▸ TASK REQUIREMENTS:
Once the line containing "Hamsavardhan Mohan tweet media" is found in the entries below, restate it and each following line word for word, stopping after the line containing "Ginseng concentré".

▸ GIVEN RECORDS:
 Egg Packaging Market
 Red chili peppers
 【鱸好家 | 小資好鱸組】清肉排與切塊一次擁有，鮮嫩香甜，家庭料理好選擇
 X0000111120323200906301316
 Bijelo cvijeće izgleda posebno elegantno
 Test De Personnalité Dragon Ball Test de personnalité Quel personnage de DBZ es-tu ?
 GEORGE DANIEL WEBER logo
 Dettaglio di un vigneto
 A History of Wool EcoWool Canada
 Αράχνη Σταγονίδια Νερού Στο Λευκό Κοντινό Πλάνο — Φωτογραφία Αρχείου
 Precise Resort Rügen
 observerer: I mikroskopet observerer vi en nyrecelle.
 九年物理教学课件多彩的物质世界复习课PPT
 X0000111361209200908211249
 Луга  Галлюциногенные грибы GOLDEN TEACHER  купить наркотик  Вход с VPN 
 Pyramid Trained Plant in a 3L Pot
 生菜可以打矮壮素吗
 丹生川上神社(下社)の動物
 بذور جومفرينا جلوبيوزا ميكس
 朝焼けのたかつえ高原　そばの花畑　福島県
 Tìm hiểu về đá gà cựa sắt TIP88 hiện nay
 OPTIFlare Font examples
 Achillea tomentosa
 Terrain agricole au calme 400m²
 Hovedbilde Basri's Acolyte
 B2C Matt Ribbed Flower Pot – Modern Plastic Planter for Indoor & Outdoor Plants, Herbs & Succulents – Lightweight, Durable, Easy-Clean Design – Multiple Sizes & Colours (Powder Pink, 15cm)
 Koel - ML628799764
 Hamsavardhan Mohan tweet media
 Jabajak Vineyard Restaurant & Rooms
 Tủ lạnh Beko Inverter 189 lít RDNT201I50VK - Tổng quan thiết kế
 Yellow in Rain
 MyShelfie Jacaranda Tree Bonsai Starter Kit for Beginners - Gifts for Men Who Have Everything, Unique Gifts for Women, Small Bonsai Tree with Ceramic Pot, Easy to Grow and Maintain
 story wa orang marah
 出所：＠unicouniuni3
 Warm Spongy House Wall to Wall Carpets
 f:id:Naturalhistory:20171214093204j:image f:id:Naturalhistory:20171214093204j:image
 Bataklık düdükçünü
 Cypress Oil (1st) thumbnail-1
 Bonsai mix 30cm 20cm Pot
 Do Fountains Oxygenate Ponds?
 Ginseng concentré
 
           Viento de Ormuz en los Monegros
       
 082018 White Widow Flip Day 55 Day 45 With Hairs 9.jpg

▸ RESPONSE:
 Hamsavardhan Mohan tweet media
 Jabajak Vineyard Restaurant & Rooms
 Tủ lạnh Beko Inverter 189 lít RDNT201I50VK - Tổng quan thiết kế
 Yellow in Rain
 MyShelfie Jacaranda Tree Bonsai Starter Kit for Beginners - Gifts for Men Who Have Everything, Unique Gifts for Women, Small Bonsai Tree with Ceramic Pot, Easy to Grow and Maintain
 story wa orang marah
 出所：＠unicouniuni3
 Warm Spongy House Wall to Wall Carpets
 f:id:Naturalhistory:20171214093204j:image f:id:Naturalhistory:20171214093204j:image
 Bataklık düdükçünü
 Cypress Oil (1st) thumbnail-1
 Bonsai mix 30cm 20cm Pot
 Do Fountains Oxygenate Ponds?
 Ginseng concentré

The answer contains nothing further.